• [ACTIVITY]: Give the lines below again exactly, starting with the line that holds "PSL 9 All Team" and going on through the line that holds "スピーカー・ウーファー DBX sound speaker system dbx LP-204 スピーカー・ウーファー".

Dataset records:
BEGIN

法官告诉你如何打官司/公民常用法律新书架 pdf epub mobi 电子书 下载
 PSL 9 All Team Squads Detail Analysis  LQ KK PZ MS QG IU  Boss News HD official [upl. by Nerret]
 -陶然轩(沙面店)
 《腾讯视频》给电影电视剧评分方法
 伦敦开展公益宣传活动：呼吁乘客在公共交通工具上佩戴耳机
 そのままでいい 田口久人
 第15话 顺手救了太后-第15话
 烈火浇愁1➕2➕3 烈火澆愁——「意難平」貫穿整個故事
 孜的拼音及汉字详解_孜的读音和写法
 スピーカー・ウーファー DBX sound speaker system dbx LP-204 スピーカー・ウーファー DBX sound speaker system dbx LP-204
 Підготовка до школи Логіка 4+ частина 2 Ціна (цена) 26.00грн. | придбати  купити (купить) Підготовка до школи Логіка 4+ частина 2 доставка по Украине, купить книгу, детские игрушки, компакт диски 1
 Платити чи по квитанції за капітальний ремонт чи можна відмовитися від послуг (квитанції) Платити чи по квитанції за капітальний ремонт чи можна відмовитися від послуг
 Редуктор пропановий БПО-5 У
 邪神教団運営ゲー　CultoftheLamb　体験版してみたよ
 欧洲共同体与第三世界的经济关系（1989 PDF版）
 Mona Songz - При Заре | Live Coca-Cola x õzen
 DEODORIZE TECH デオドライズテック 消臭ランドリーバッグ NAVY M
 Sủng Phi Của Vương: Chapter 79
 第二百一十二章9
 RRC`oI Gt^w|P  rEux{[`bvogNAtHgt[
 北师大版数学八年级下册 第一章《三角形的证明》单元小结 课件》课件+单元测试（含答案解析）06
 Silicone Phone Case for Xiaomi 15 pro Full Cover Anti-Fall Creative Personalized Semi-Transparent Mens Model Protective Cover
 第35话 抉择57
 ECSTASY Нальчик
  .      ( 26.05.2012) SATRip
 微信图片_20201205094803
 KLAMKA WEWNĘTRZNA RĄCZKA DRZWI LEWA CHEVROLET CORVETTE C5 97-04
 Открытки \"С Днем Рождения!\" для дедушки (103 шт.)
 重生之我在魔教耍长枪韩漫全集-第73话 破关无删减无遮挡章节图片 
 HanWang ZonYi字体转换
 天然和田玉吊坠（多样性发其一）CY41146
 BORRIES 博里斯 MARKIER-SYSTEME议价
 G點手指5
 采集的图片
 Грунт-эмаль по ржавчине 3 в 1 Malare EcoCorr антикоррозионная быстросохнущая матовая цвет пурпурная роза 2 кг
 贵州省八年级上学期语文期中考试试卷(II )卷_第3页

END

• [EXERCISE RESPONSE]:
 PSL 9 All Team Squads Detail Analysis  LQ KK PZ MS QG IU  Boss News HD official [upl. by Nerret]
 -陶然轩(沙面店)
 《腾讯视频》给电影电视剧评分方法
 伦敦开展公益宣传活动：呼吁乘客在公共交通工具上佩戴耳机
 そのままでいい 田口久人
 第15话 顺手救了太后-第15话
 烈火浇愁1➕2➕3 烈火澆愁——「意難平」貫穿整個故事
 孜的拼音及汉字详解_孜的读音和写法
 スピーカー・ウーファー DBX sound speaker system dbx LP-204 スピーカー・ウーファー DBX sound speaker system dbx LP-204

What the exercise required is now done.